=== Recorded data ===
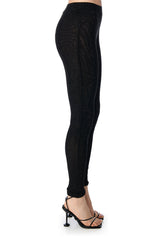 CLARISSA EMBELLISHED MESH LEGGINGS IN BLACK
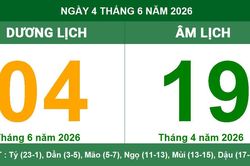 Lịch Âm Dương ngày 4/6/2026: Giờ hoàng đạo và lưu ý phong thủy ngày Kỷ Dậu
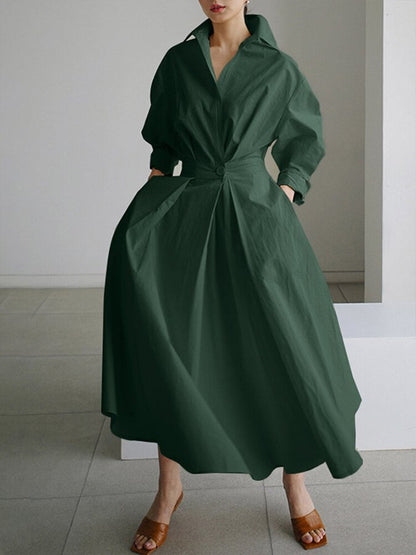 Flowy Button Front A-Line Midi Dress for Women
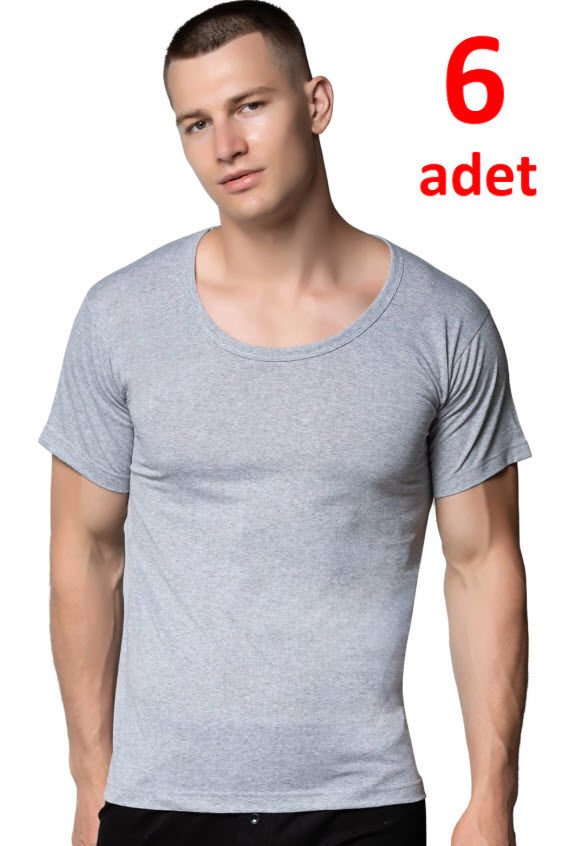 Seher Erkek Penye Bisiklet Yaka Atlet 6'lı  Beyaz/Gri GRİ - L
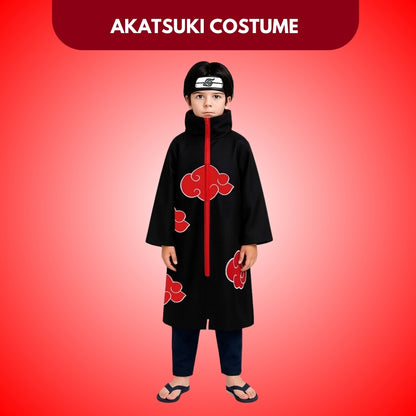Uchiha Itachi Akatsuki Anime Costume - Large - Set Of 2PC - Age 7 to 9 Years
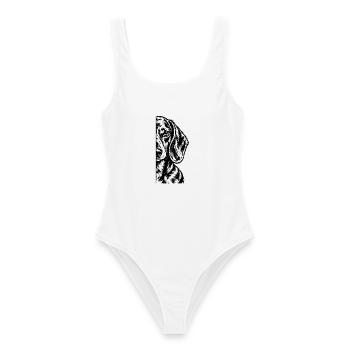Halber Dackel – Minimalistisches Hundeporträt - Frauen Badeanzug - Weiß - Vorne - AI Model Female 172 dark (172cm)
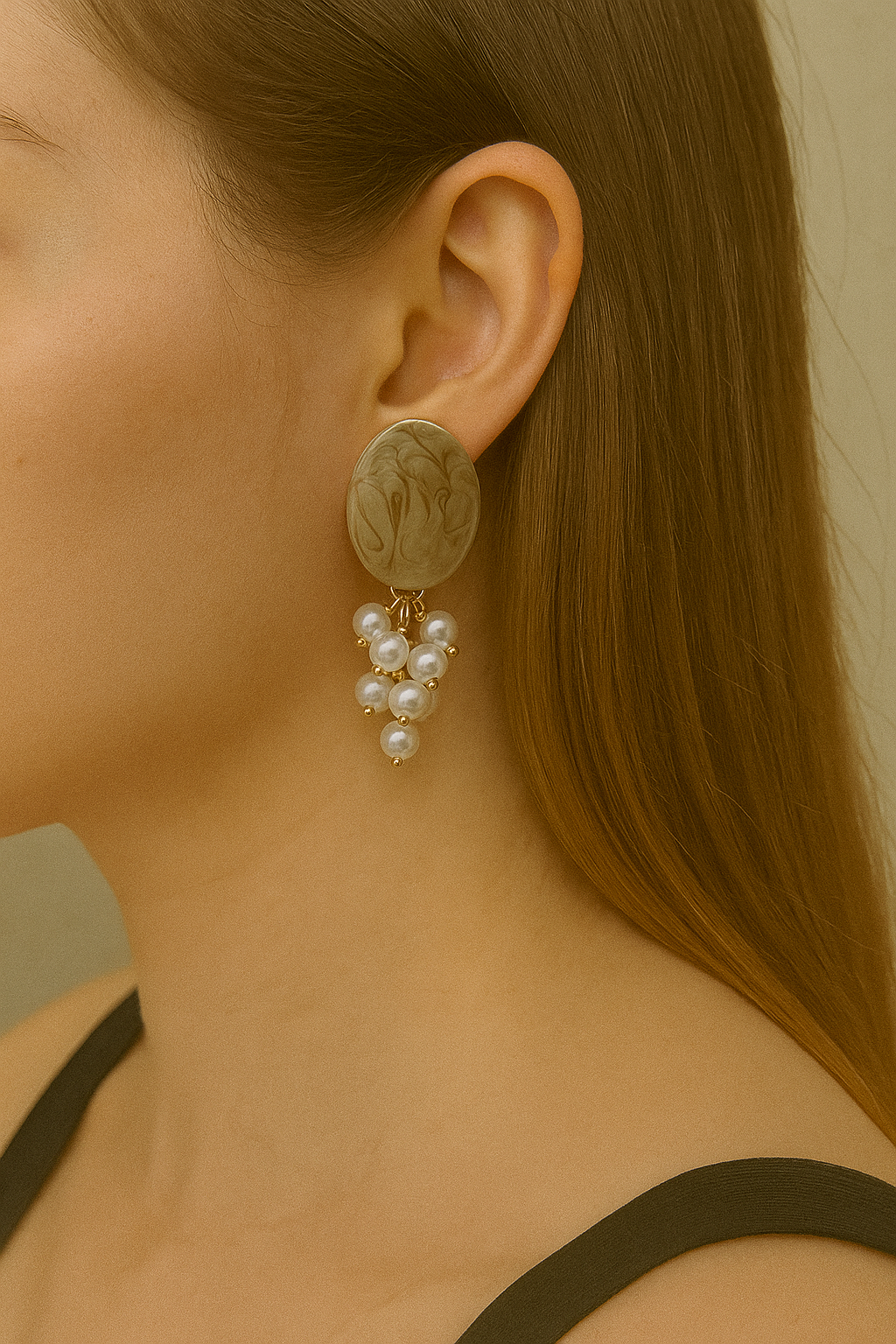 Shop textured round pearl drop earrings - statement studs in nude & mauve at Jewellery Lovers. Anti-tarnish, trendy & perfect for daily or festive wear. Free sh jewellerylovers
===
=== Recorded data ===
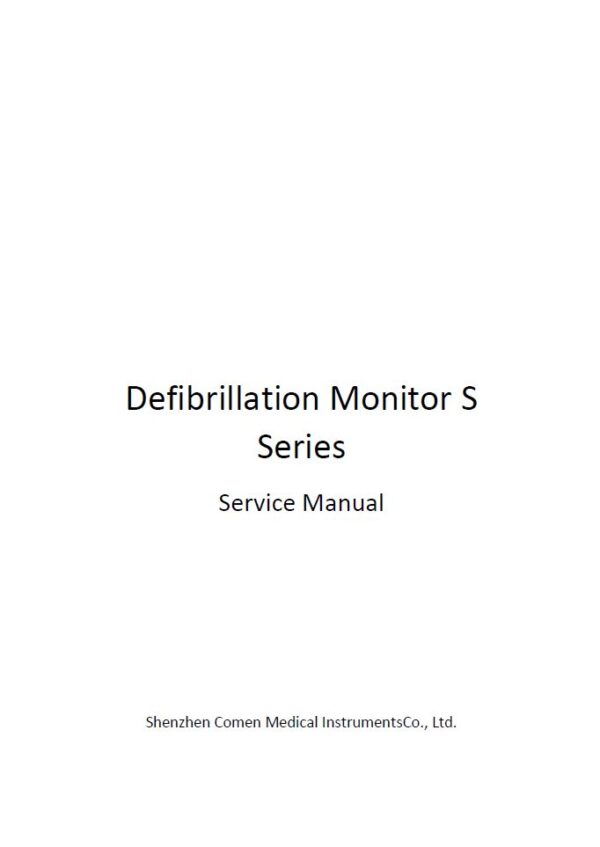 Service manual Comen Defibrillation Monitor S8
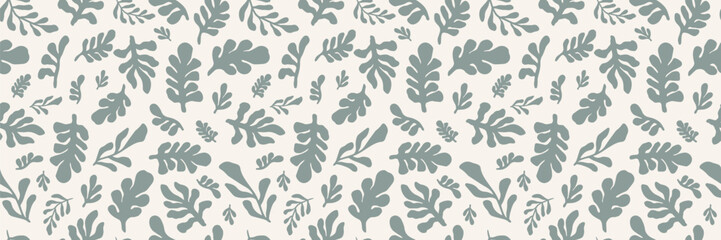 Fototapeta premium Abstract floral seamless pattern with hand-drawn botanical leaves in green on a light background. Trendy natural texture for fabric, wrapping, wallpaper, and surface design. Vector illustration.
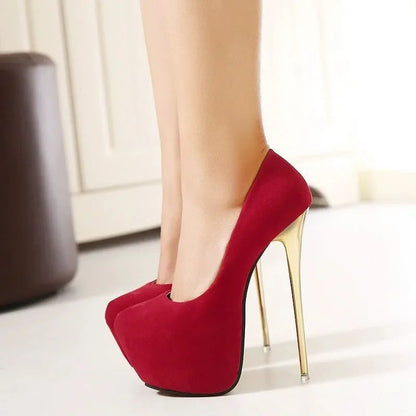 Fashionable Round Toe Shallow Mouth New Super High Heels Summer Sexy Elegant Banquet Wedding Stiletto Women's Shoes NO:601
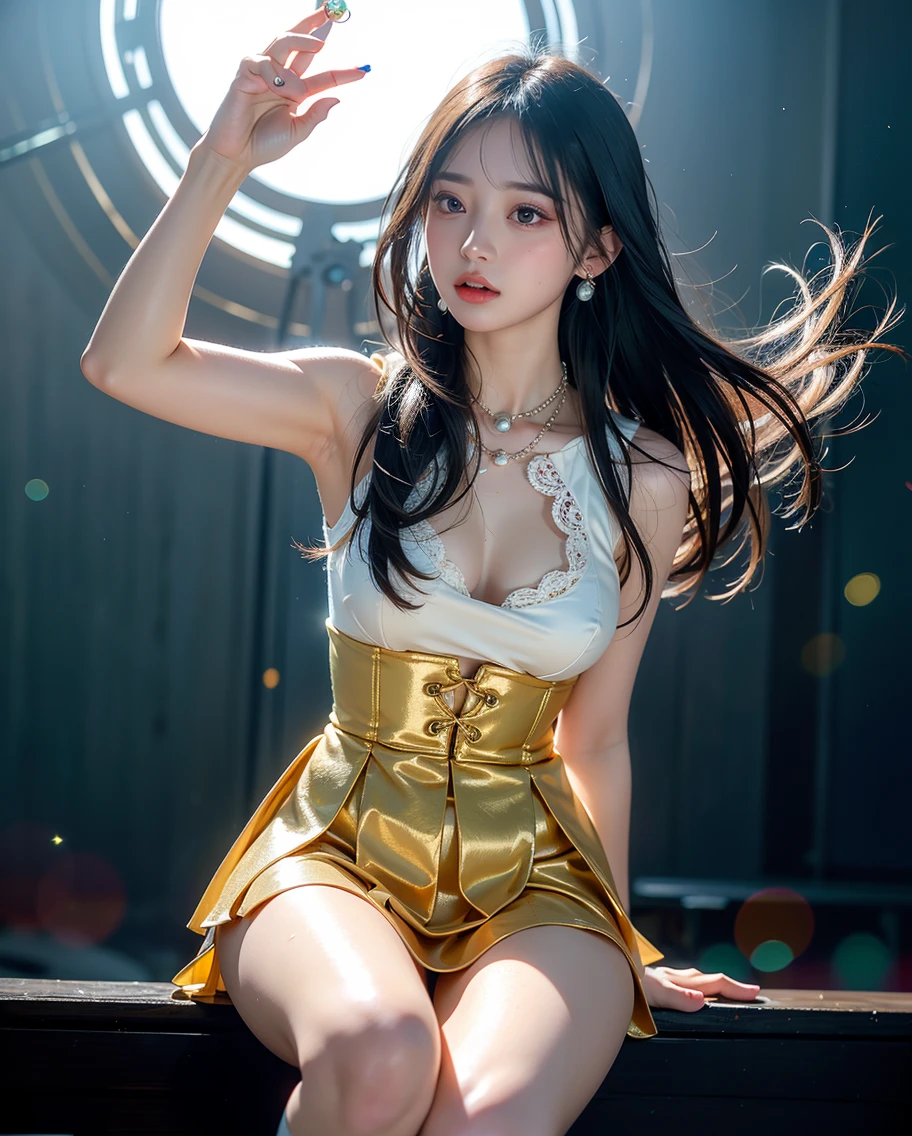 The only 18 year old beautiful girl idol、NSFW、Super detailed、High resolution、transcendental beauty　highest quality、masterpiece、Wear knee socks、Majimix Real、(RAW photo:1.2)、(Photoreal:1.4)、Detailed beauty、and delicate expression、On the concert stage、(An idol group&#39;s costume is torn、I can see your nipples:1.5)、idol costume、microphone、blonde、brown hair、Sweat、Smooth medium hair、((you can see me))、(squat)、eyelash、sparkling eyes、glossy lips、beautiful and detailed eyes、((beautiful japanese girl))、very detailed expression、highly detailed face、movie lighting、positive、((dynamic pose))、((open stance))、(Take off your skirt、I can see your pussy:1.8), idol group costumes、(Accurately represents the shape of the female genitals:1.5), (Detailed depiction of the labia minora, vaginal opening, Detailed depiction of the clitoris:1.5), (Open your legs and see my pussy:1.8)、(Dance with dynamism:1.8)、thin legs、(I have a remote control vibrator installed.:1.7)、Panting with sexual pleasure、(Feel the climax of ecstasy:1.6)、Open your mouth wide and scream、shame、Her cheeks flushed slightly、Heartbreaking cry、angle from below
===
=== Recorded data ===
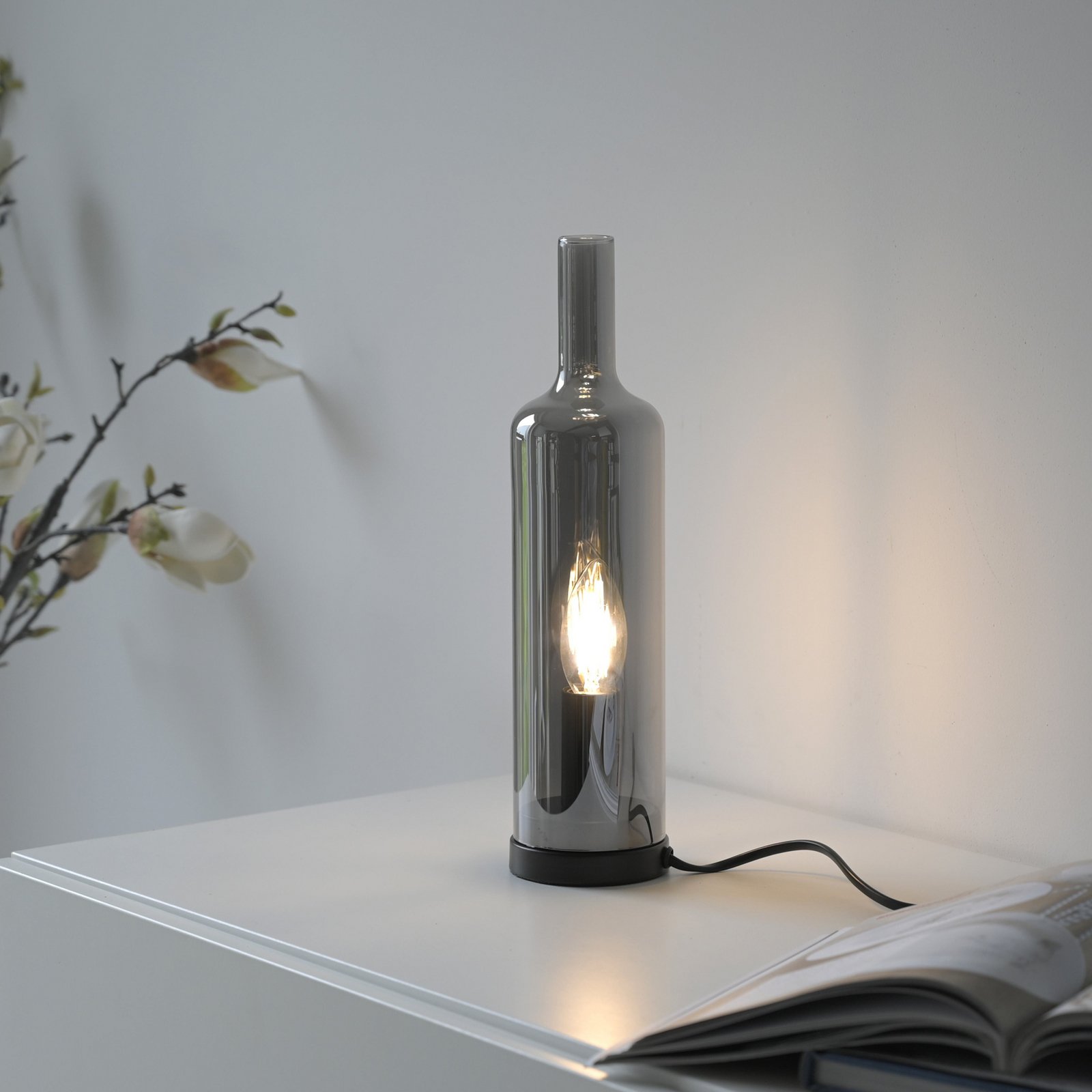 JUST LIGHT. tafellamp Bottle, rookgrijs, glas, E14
===
[Problem]
Using the listing above, restate exactly the range between the lines holding "Seher Erkek Penye" and "Shop textured round", inclusive, with pictures left out.

[Task solution]
 Seher Erkek Penye Bisiklet Yaka Atlet 6'lı  Beyaz/Gri GRİ - L
Uchiha Itachi Akatsuki Anime Costume - Large - Set Of 2PC - Age 7 to 9 Years
Halber Dackel – Minimalistisches Hundeporträt - Frauen Badeanzug - Weiß - Vorne - AI Model Female 172 dark (172cm)
 Shop textured round pearl drop earrings - statement studs in nude & mauve at Jewellery Lovers. Anti-tarnish, trendy & perfect for daily or festive wear. Free sh jewellerylovers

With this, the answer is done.